Directions for this task:
Your answer must be the listing repeated word for word, without its pictures.

Input data:
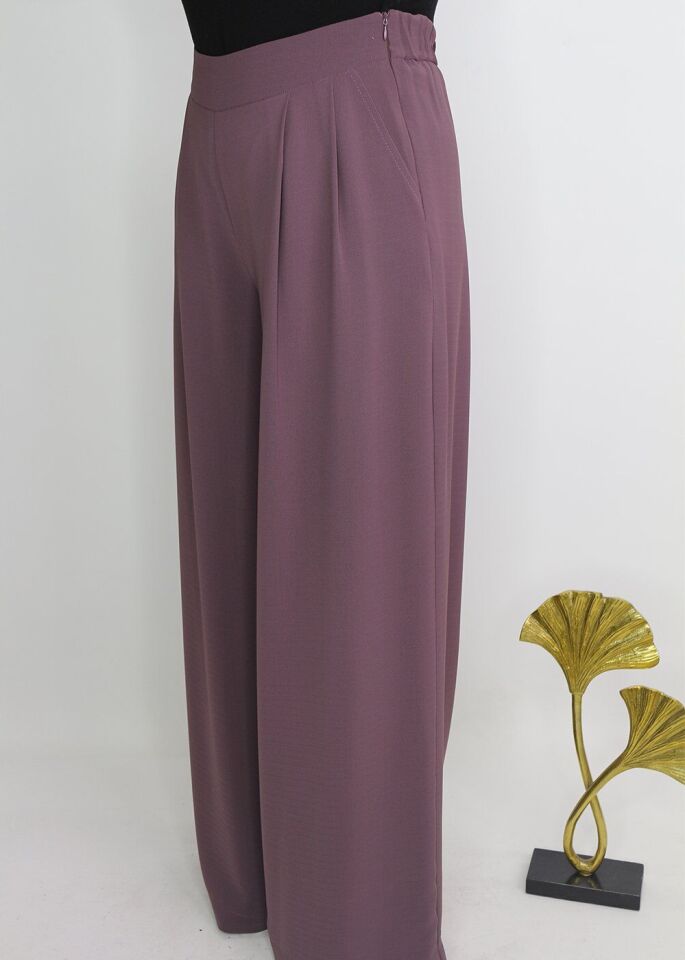 59014 BELİ YARIM LASTİKLİ YANDAN FERMUARLI CEPLİ ETEK PANTOLON QYS ETEK PANTOLON 59014 #23-063 42 - MÜRDÜM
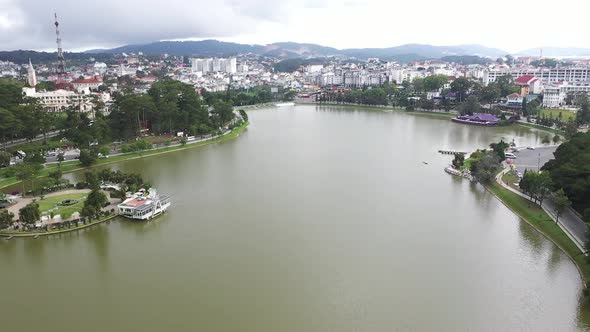 Aerial view of Lam Vien square, Da Lat city, Vietnam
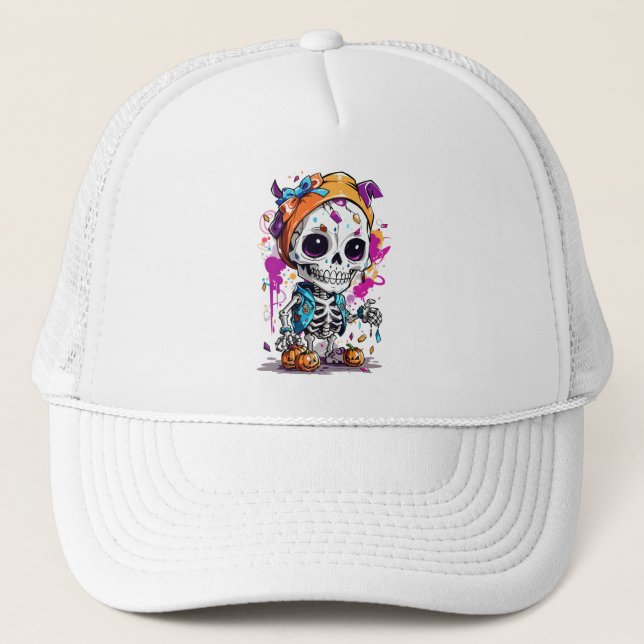 Colourful skeleton with halloween pumpkin trucker hat (Front)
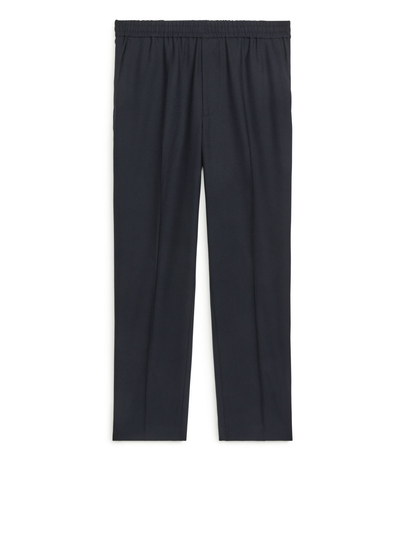 Hopsack Drawstring Trousers - Blue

Completed exercise:
 59014 BELİ YARIM LASTİKLİ YANDAN FERMUARLI CEPLİ ETEK PANTOLON QYS ETEK PANTOLON 59014 #23-063 42 - MÜRDÜM
 Aerial view of Lam Vien square, Da Lat city, Vietnam
 Colourful skeleton with halloween pumpkin trucker hat (Front)
 Hopsack Drawstring Trousers - Blue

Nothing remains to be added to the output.